How to get multiple rows based on max date

I have a table SalePrices in SQL server and data same as below:
SPID ProductID Price Date
001 Pro01 10 2016-03-10
002 Pro01 20 2016-03-11
003 Pro02 10 2016-03-13
004 Pro02 20 2016-03-15
What I want is create a view that show only one ProductID and Price that I have modified at the last time.

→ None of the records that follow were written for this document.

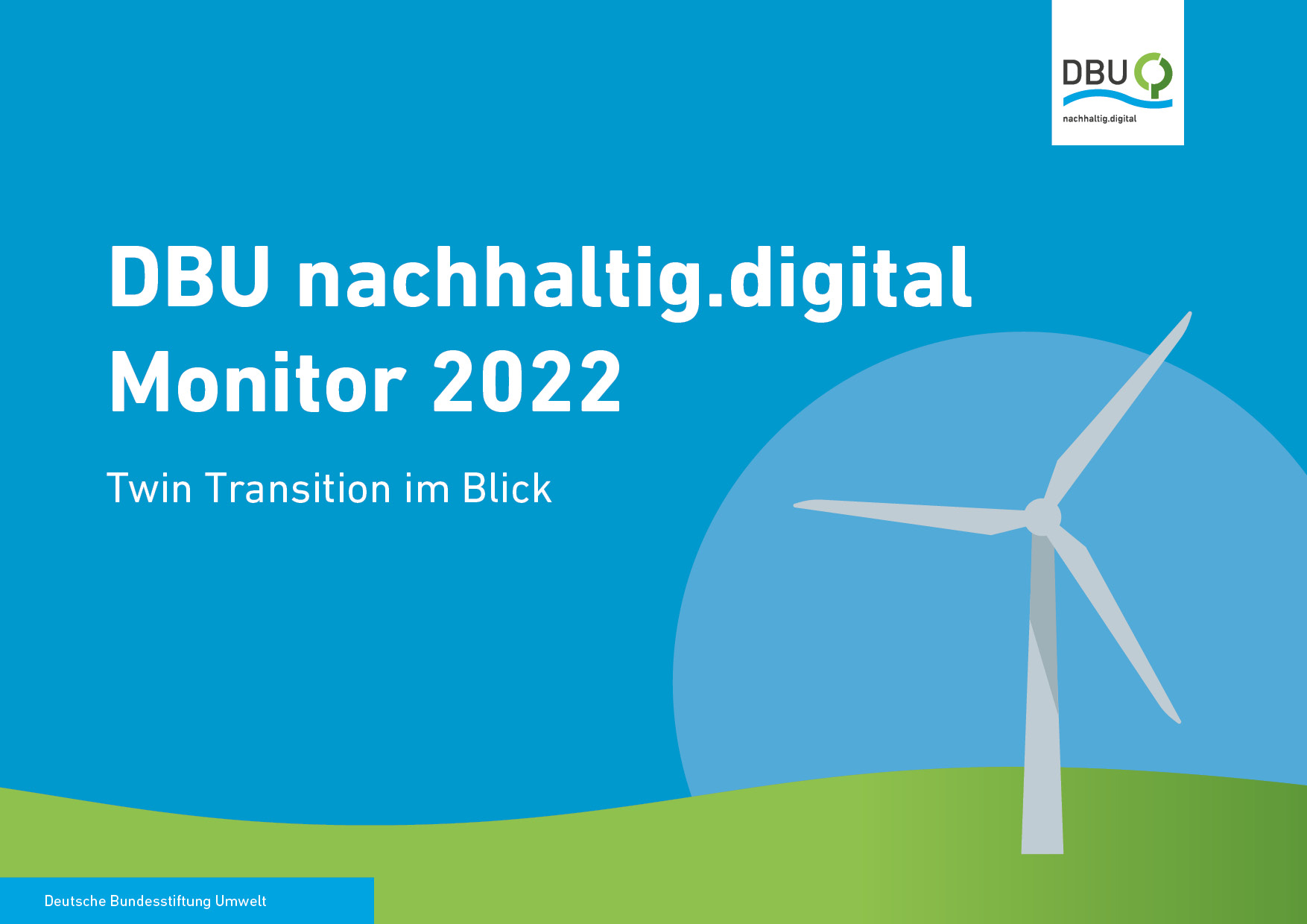 Der DBU nachhaltig.digital Monitor 2022 zeigt: Ein Großteil der befragten Unternehmen sieht keine Hemmnisse für eine nachhaltige Digitalisierung; allerdings hapert es oft noch an der praktischen Umsetzung. © Deutsche Bundesstiftung Umwelt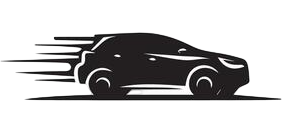 solace tourism running car icon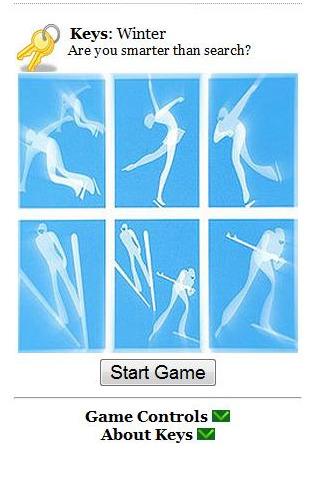 Winter Olympic Games (Keys) Android Arcade & Action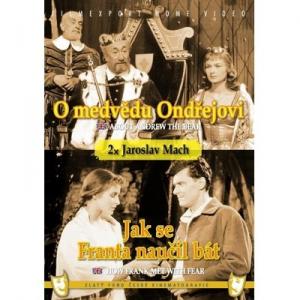 DVD O medvědovi Ondřejovi a Jak se Franta naučil bát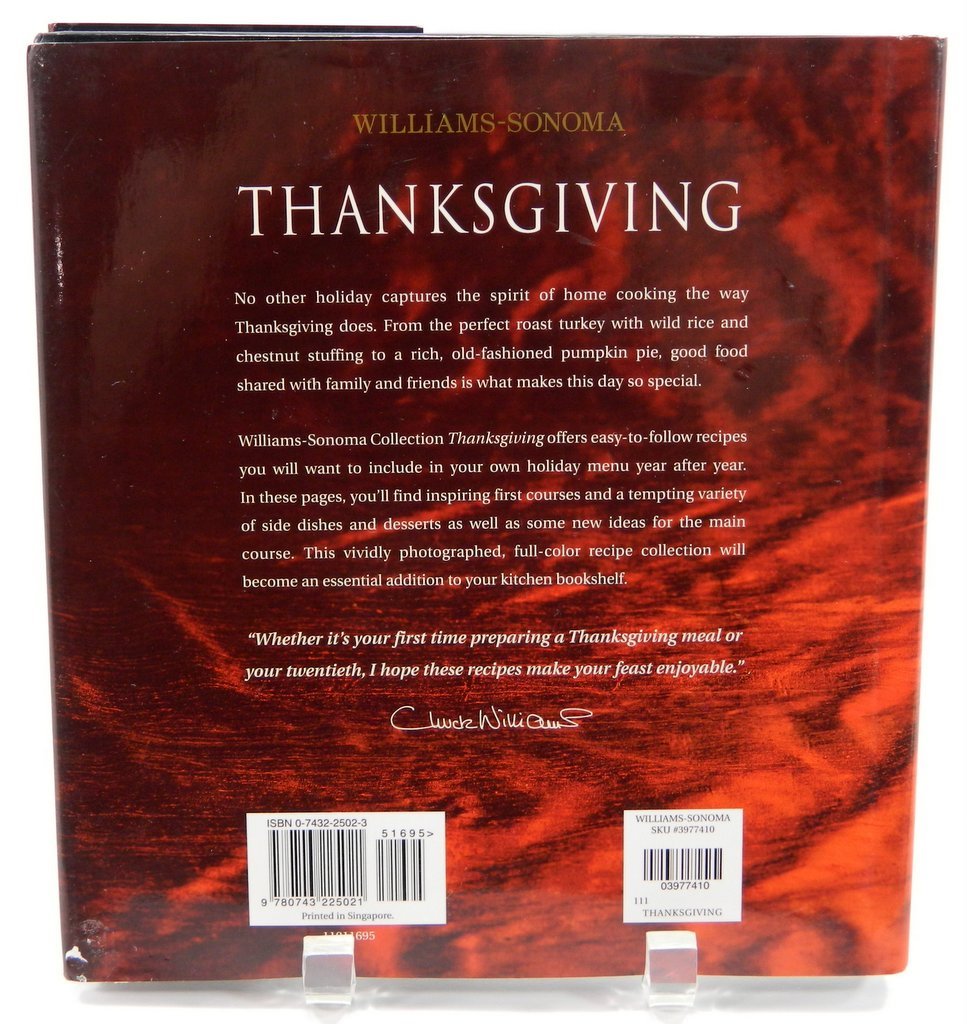 Williams-Sonoma Collection: Thanksgiving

So what I want is same as the result below:
ProductID Price Date
Pro01 20 2016-03-11
Pro02 20 2016-03-15
There're few different approaches for this, for example, using row_number():
;with cte as (
select
ProductID, Price, Date,
row_number() over(partition by ProductID order by Date desc) as rn
from <Table>
)
select
ProductID, Price, Date
from cte
where
rn = 1
sql fiddle demo
Another version with windowing functions, this one with FIRST_VALUE();
SELECT ProductID, price, date
FROM products
WHERE spid IN (
SELECT FIRST_VALUE(spid) OVER (PARTITION BY ProductID ORDER BY date DESC) spid
FROM products
)
An SQLfiddle to test with.
Note that Roman's version with ROW_NUMBER should work from SQL Server 2005 and newer, while this will only work for SQL Server 2012 and newer.
TRY THIS:
SELECT
ProductID
, Price
, Date FROM tablename AS A
JOIN (SELECT ProductID,MAX(Date) AS DATE FROM tablename
GROUP BY ProductID
) AS B ON A.Date=B.DATE AND A.ProductID=B.ProductID
one more approach...
select productid,price,date
from
table t1
where date=(select max(date) from table t2 where t1.productid=t2.productid)
Your last record will have the highest SPID:
select
ProductId, Price, Date
from
SalePrices sap
where
sap.spid =(
select
max(sap2.spid)
from
SalePrices sap2
where
sap2.productId = sap.productId)
This query will give u desired result:
ProductID Price Date
Pro01 20 2016-03-11
Pro02 20 2016-03-15